Trump’s Potential Liability for Capitol Riot Faces Major Test in Court

Is former President Donald Trump immune from liability related to his supporters’ attack on the U.S. Capitol on Jan. 6, 2021? A federal judge in Washington, DC is considering it for the first time. 

Judge Amit Mehta on Monday questioned Trump’s actions during his speech in the moments that led up to his supporters storming the Capitol building one year ago. During the court hearing, Mehta repeatedly pointed out that Trump directly asked the crowd to march to the Capitol, and then neglected to speak up for two hours asking the supporters to stop their violence. 

Mehta said that the words were hard to walk back, and that there was a two-hour window where he never said “stop, get out of the Capitol,” or that that was not what he had wanted them to do. 

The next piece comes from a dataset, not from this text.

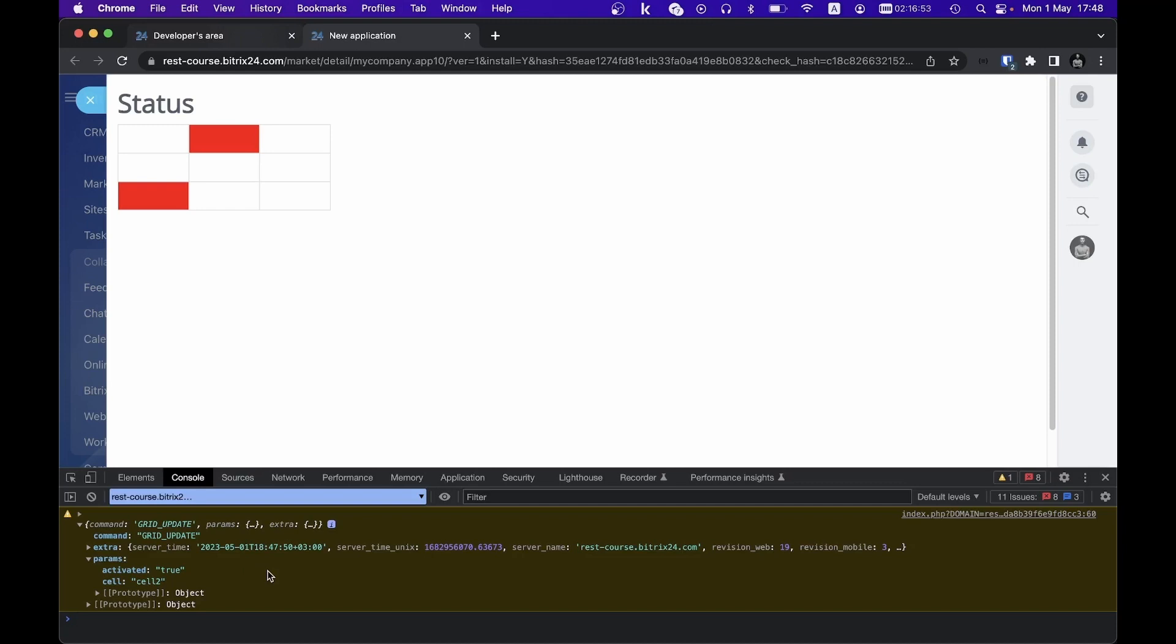Thus, one may now understand how to work with interactivity in Bitrix24 applications and create user-friendly interfaces that display real-time data without requiring a full page reload.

The judge pointed to the fact that Trump did not immediately denounce the violence, and rather, sent a tweet that “arguably exacerbated things.” The judge questioned whether this, from a plausibility standpoint, evidence that Trump plausibly agreed with his supporters’ conduct inside the Capitol. 

The major hearing lasted nearly five hours, at the end of which, Mehta did not rule. Throughout the entire hearing, Mehta rarely showed if he was leaning one way or the other. It marks the first major test of whether civil litigation is a potential route to hold leaders accountable for the insurrection. 

It was part of a trio of lawsuits related to the Capitol insurrection that seek to hold Trump and other Republican figures accountable. 

Experts say that Mehta’s line of questioning is a foreboding sign for Trump and his allies. Trump’s lawyer Jesse Binnall tried arguing that Trump’s words, while he was president, should be completely immune from liability, including his speech on January 6.

Mehta said that Binnall would have him completely ignore in its entirety what Trump said, and pointed to a Supreme Court case that established the parameters of presidential immunity, noting that this does not appear to be what the precedence was set on in terms of boundaries of presidential immunity.